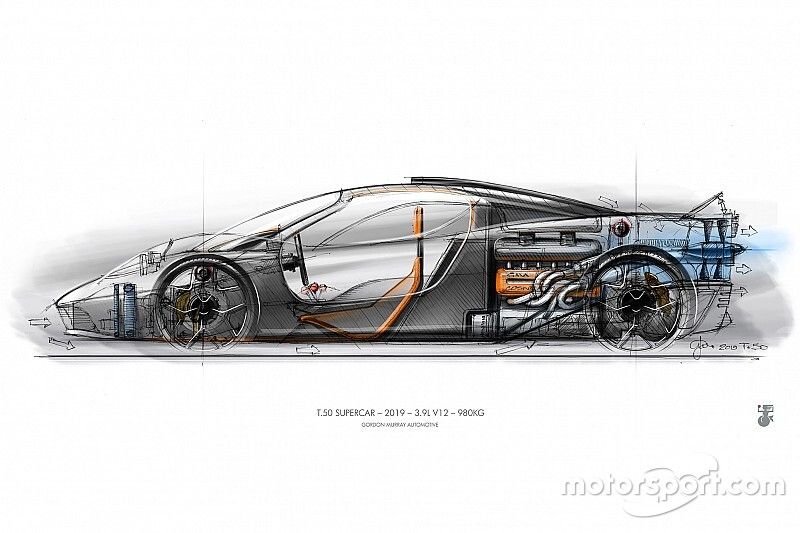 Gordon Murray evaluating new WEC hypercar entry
--
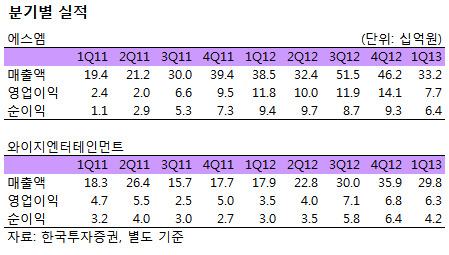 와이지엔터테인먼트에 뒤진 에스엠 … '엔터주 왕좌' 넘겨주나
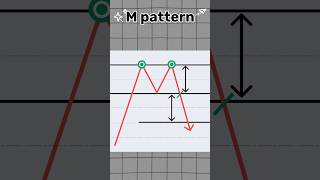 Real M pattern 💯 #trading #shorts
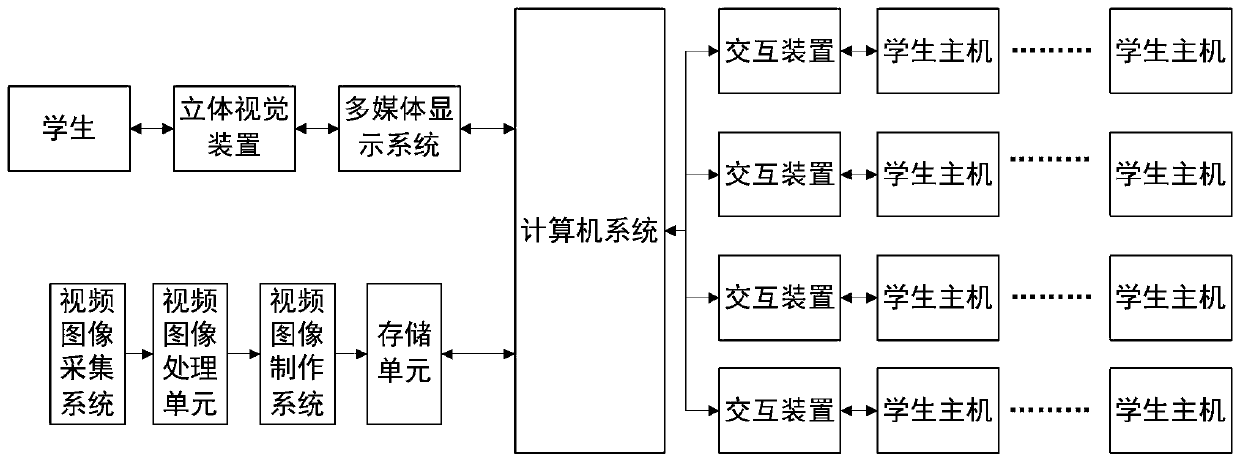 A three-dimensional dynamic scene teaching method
---
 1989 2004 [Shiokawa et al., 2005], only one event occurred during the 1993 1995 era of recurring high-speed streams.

> _PROMPT_:
Leaving out all pictures, set down exactly the lines of the material above, from the line with "와이지엔터테인먼트에 뒤진 에스엠 … '엔터주 왕좌' 넘겨주나" to the line with "A three-dimensional dynamic" inclusive, and no others.

> _EXPECTED ANSWER_:
 와이지엔터테인먼트에 뒤진 에스엠 … '엔터주 왕좌' 넘겨주나
 Real M pattern 💯 #trading #shorts
 A three-dimensional dynamic scene teaching method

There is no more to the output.